現在、刺身ネタのタコ、イカなどは冷凍輸入品がほとんど。
「うちは地ダコしか扱っていないが、あるお客からかみ切れない、ほかの所で食べたのはサクサクして切れたのに、お前の所のタコはおかしい」と言われたこともある。
「今の日本人はあごが弱くなったんですね、硬いものを食べなくなりましたよ」と苦笑する。確かに料理番組の評として、軟らかいとか甘いが褒め言葉になってきた。「本物を追求する言葉がない」のを残念がる。
故郷の静岡に帰るのを思いとどまり清水に店を構えたころ、隣近所の住民のひいきで店の基礎ができた。だんだん評判は広がり、隣町からも足を運ぶ客が増え、地元の宴会場として結婚式にも使われるようになってきた。
この思い出の店舗から規模を拡張した現在の店舗に移り、さらに三年前の大増築で店の規模が大きくなればなるほど近隣客よりも遠来の客が増える商圏のドーナツ化現象が現れた。

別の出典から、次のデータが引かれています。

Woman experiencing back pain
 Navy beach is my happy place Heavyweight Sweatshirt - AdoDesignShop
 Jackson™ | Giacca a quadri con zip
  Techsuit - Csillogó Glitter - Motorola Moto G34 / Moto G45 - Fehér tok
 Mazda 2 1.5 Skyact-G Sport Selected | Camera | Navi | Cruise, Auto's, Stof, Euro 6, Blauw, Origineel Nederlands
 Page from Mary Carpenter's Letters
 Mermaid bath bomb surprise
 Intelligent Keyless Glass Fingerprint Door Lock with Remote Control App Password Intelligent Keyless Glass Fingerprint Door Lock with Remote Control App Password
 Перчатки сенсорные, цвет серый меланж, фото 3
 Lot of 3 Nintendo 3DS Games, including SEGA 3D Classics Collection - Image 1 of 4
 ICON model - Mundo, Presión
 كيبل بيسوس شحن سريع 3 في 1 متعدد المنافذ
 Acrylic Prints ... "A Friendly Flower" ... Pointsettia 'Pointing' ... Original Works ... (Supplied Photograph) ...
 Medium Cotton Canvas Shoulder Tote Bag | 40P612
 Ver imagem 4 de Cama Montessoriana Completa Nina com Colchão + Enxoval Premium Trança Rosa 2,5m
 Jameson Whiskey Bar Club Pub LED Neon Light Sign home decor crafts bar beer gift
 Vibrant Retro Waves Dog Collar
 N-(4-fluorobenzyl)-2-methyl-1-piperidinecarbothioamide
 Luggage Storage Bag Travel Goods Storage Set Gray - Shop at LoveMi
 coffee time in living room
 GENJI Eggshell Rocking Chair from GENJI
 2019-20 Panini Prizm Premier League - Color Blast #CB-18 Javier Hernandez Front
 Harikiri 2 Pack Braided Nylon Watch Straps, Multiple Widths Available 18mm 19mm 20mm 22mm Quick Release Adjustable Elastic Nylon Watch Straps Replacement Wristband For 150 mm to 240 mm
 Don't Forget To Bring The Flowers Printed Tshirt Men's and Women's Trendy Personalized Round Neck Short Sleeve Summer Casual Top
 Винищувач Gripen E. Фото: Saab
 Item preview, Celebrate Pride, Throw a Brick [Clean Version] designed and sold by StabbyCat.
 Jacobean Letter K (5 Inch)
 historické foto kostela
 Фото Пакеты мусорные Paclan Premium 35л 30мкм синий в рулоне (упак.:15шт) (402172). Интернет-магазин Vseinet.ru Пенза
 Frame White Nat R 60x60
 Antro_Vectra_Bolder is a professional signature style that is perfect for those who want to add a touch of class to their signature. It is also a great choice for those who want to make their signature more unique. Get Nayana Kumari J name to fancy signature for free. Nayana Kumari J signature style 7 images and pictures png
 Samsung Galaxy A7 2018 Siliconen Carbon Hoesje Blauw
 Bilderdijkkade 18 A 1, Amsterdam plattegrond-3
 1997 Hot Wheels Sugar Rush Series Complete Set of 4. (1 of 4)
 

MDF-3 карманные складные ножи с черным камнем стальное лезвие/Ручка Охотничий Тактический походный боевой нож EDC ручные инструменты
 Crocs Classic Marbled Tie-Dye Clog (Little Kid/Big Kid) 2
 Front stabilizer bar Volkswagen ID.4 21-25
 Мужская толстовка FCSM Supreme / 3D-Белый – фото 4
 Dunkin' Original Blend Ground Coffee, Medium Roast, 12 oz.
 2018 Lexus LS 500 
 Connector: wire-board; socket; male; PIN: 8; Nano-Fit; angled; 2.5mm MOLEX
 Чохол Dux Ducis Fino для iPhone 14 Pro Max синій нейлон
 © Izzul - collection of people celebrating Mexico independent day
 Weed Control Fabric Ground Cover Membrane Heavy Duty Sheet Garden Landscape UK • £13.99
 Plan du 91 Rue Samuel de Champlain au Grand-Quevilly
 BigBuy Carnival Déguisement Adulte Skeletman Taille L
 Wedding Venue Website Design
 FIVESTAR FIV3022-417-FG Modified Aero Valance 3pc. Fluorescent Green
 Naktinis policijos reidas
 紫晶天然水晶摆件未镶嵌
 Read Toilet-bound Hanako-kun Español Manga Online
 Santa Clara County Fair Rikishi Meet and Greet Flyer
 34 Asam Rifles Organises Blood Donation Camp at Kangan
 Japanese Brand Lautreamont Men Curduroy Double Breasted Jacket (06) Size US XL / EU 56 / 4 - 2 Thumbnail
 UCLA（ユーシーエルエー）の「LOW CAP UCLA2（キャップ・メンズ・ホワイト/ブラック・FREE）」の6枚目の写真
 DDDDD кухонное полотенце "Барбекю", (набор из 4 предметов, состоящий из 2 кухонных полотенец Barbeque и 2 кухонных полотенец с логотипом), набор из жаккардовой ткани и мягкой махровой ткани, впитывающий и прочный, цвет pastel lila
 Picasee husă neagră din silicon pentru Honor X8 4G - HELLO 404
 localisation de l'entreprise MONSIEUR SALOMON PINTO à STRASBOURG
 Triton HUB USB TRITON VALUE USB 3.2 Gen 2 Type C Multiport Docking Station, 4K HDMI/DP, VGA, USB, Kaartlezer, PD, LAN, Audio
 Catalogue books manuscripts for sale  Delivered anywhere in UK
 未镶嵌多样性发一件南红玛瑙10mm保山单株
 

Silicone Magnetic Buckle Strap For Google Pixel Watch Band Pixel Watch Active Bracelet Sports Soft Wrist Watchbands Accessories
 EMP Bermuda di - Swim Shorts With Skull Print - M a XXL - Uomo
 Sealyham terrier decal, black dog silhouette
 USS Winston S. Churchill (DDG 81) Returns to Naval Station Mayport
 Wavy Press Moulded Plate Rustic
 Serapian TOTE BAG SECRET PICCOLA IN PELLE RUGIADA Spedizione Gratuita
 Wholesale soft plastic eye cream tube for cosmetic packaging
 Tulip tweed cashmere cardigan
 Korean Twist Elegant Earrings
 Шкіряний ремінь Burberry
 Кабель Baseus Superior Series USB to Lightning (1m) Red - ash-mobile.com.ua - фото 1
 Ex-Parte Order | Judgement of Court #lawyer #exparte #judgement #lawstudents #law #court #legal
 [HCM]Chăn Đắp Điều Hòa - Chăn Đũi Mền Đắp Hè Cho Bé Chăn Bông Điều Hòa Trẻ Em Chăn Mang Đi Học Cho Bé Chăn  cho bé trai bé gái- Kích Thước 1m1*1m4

「寂しいけど、一方でそれだけ大きく伸び、新しい客層が広がっているんだと自分自身を納得させているんです」
昔三〇~四〇代だった客が今では五〇~六〇代。孫を連れての来店に「一〇年後にはうちの客、障子に穴を開けられても我慢の子」と笑いながらも、清水のマグロの店として生涯現役を通す腹積もりだ。
「マグロは生が一番、冷凍物は品が落ちると決めつけられているが、とんでもない。実際に食べてから言って欲しい」と世の常識に反論する。
その昔、冷凍技術が不十分な時代では、どこで捕れ、どこの船で運んだかが品質の良しあしの大きな目安とされた。しかし冷凍技術が発達した現在では、マイナス二〇度Cの世界からマイナス五〇~六〇度Cと著しい進歩を遂げている。冷凍物は良くないと一言では言えなくなってきた。
本マグロが12月~3月の北海道・利尻のものならいざ知らず、時期を外した夏場の巻き網で捕獲し、マグロ同士がぶつかりあって傷だらけになっているものも生でもてはやされている。「すべて生が良いとは言い切れない」
かつてはマイナーだったミナミマグロも、真価がマスコミで取り上げられ、市民権を得てきた。
ハレの日の食べ物であったすしが大衆化し、いつでも食べられるようになり、「すし屋の看板を出すなら中途半端はいけない。大量に握って出されるものに反し、うちはミナミマグロ基地の清水だからこそできるすし屋、土地柄にあった伝統を守ったすしを握っていきたいですね」。
マグロの歴史とともに歩んだ望月店主の実感だ。
◆プロフィル
昭和16年、静岡市生まれ。八人兄弟の真ん中。家業のすし屋を小学校時代から手伝う。上の兄たちが神田のすし屋で修業、同じ所よりはと自らは製紙で栄える吉原市の「魚民」で一〇年修業。
学費を払わず修業ができる身分に感謝しながらも、一五歳はまだ子供。つらくなり実家に帰ること二度三度。実家では出したからには引き取れないと戻され、この時、すし職人の道を歩むべく腹を決める。
修業中は、芸術面で造詣の深い親方から料理だけでなく、置物、絵など調度品の感性も学びとる。二五歳でコツコツと貯めた軍資金一〇〇万円を元手に静岡市で独立。三年後、一度は故郷に帰ることも考えたが、兄弟のすすめで、マグロの本拠地、清水市に居を構え、以後ミナミマグロと切っても切れない深い関係となる。現在では、マグロを丸ごと一本使いこなす名人として、その名は全国に知られている。